In recent years I looked into my affliction. I mean, I can’t be the only one? Let me be clear though, I’m far from neurotic, or high strung. I’m kind of a redneck/hippy hybrid. Not much bothers me, and I’m very “chill.” Some might say, “TAKE A XANAX OR SOMETHING!” No, no, no. I don’t mess with that shit. We’re much too quick to throw a pill at a perceived problem. Odin forbid we try to understand something before we throw chemicals at it. So I started digging and it didn’t take me long to find what I was looking for. I’m not sure if most people are familiar with the “Ted Talks” pieces, but I found one that I really identified with. Emilie Wapnick hosted a talk on a term she coined for people like me; or “Multipotentialites.” Here’s a blurb from her (Talk) “This continued after high school, and at a certain point, I began to notice this pattern in myself where I would become interested in an area and I would dive in, become all-consumed, and I’d get to be pretty good at whatever it was, and then I would hit this point where I’d start to get bored.” It immediately hit me, and I was like, “Wow.” She goes on to say, and implore Multi’s to keep chasing things down those rabbit holes. I loved hearing that I wasn’t the only adult who suffered with the same scatterbrain scenarios.
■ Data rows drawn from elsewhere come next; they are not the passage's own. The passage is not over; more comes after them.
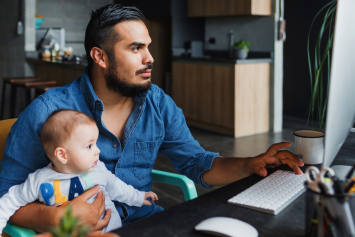 A man types on a computer keyboard with a baby in their lap.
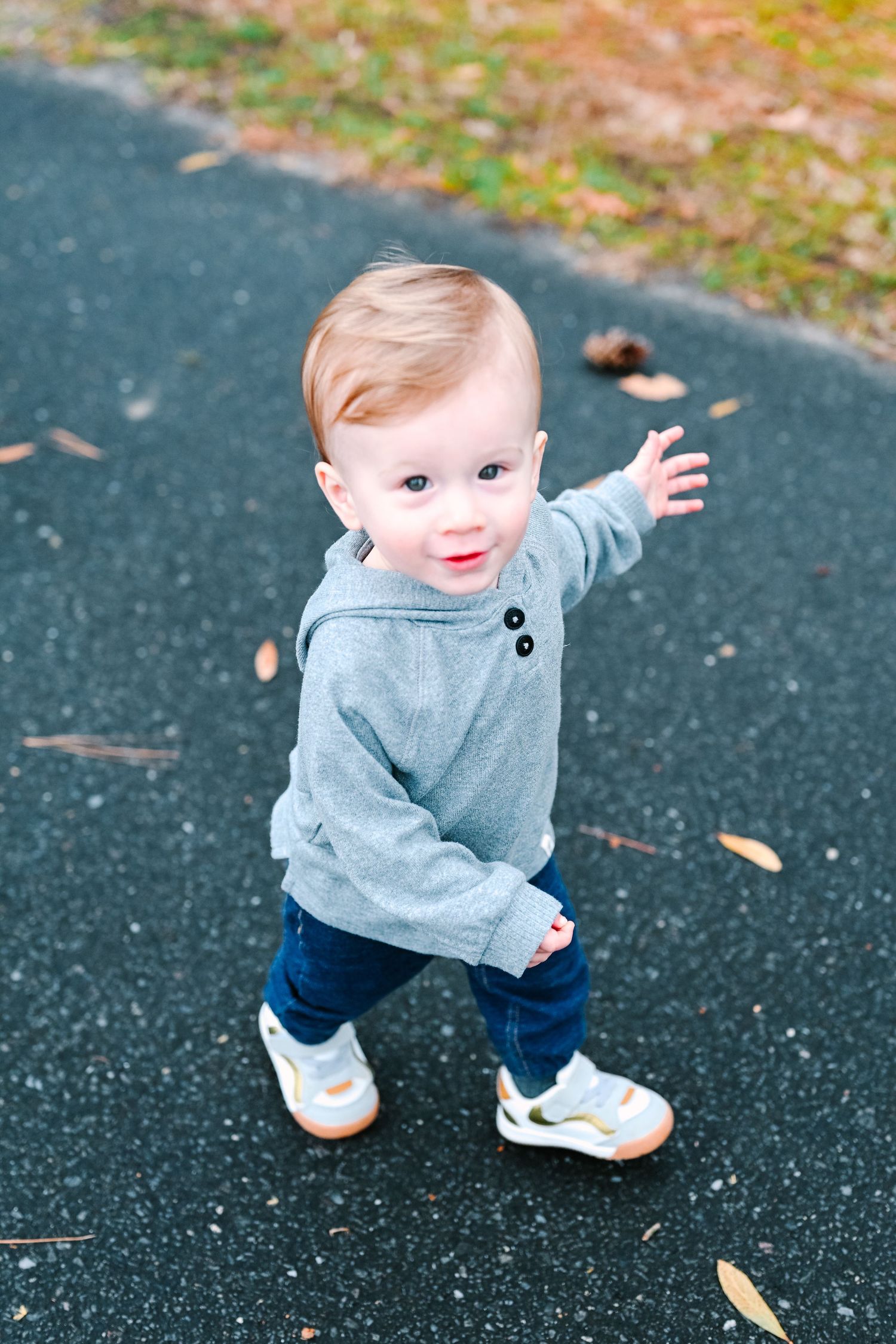 Young toddler in grey sweatshirt and jeans reaches out while walking on dark pavement with autumn leaves scattered around.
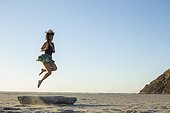 Adult woman jumping off a log at the beach and turning around in the air to face the camera. Cape Disappointment State Park, Washington.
Today I live my “Multipotentialite” life with a better understanding of how my brain, and tendencies work. I allow myself to be fully consumed with a project, but I know I will tire of it, but that’s ok. When I mentioned earlier that I built Thor’s hammer “Mjolnir” I didn’t mean I mixed up some paper mache, or taped cardboard together. I (no bullshit) ordered high strength steel online. I fabricated, cut, welded, and painted a movie quality hammer. I even cut pieces of leather off an old leather vest for the shaft of the hammer. It came out beautiful. Tragically though, do you know where that hammer is? It’s sitting in my garage on my workbench collecting dust. It is very likely that I will never touch that hammer again, if only to move it out of the way for something else. For me though, it’s not some piece of junk. It’s a moment in time where I (for no particular reason) chose to challenge myself. I mean, come on, who wakes up with the idea of creating a weapon from a comic book, and spending countless hours “smithing” the damn thing into fruition, only to discard it to a workbench for all eternity?———–Me. If you read my previous material, you’d know that I’m genuinely trying to understand myself, and become the best version of me that I can be. I’m finding that through my little mad scientist projects, that I am able to balance my little life equation. Do I have it all figured out? Am I some enlightened “sage” acting son of a bitch? Ninja, please. I’m just trying to make sense of it all.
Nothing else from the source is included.